Escándalos mayores han erosionado aún más la reputación de las compañías. The Medical Futurist citaba hace poco a Martin Shkreli y la indignación que causó cuando aumentó el precio de Daraprim (pirimetamina), antiprotozoario muy usado frente a la malaria y la toxoplasmosis, de 13,50 dólares a 750 por pastilla en 2015: un aumento de más del 5.000% para un fármaco cuya fabricación es baratísima. Shkreli y su compañía pudieron hacerlo al adquirir los derechos exclusivos para la venta del medicamento en Estados Unidos sin que nadie más ofreciera una alternativa. Un artículo de noviembre de 2014 en The New England Journal of Medicine analizaba cómo algunas empresas compran los derechos de medicamentos genéricos viejos y baratos, excluyen a los competidores y aumentan los precios.

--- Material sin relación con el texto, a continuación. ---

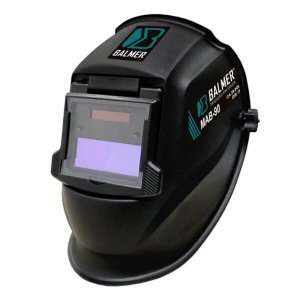 Máscara de Solda Automática Balmer Mab 90 Pus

Por ejemplo, el albendazol, un antihelmíntico aprobado en 1996, costaba en 2010 al por mayor 5,92 dólares por día, pero en 2013 había subido a 119,58.
En la cúspide de esta escalada de precios se encuentran algunas nuevas terapias para enfermedades raras. En mayo de 2019, la FDA aprobó el medicamento más caro en el mercado hasta la fecha: Zolgensma, una terapia génica para la atrofia muscular espinal; cuesta 2,1 millones de dólares por paciente. Es la segunda terapia génica aprobada por la FDA; la primera (Luxturna) se aprobó en 2017 para una forma genética de ceguera y cuesta 425.000 por cada ojo. En la trastienda parece haber quedado Glybera, la primera terapia génica, de la holandesa UniQure, aprobada en Europa en 2012 para corregir la deficiencia de la lipoproteína lipasa. Su fracaso no parece deberse a su precio de 1,2 millones de dólares sino a los pocos pacientes tratados. Aun así, los llamados fármacos huérfanos, gracias a los incentivos que proporcionó la Orphan Drug Act de 1982, han pasado del olvido a la vanguardia: en 2010, el 30% de los nuevos fármacos aprobados por la FDA fueron huérfanos y sus ventas ya suponen el 13% del total del mercado farmacéutico. Ante el auge de los genéricos, que ya representan el 90% de las recetas, las compañías farmacéuticas vislumbran los tratamientos de enfermedades raras y terapias genéticas como su próximo motor empresarial.
El bioético Samia Hurst, de la Universidad de Ginebra, comentaba hace unos años en Daily Nous que “obtener ganancias al encontrar, desarrollar y vender productos farmacéuticos es legítimo. El esfuerzo y la creatividad desplegados merecen recompensa”. Es el incentivo para seguir desarrollando nuevas terapias. Y el filósofo político Matt Zwolinski, de la Universidad de San Diego, justificaba que esos altos precios no solo son necesarios para recuperar el gasto en I+D, sino también para compensar los cientos de otros medicamentos que nunca llegaron al mercado.
Para un laboratorio, lo ideal son los fármacos para crónicos, escribía en agosto pasado en Aeon Clayton Dalton, del Hospital General de Massachusetts. El caso de los recientes fármacos que eliminan la hepatitis C es bastante insólito; de ahí su precio. En 2015 las ventas de Harvoni fueron de 14.000 millones de dólares; este año se espera que las cinco marcas contra la hepatitis C sólo generen 4.000 millones de dólares en ventas. La metamorfosis hacia la medicina personalizada y más curativa tiene un precio, pero la experiencia indica que el mercado, el tiempo y alguna regulación administrativa contribuyen a moderarlo. Puede haber fórmulas solidarias, intervencionistas o mejores opciones de pago, pero el sistema actual, con sus distorsiones, es el menos malo. Si alguien tiene alguna idea mejor nadie le impide ponerla en práctica.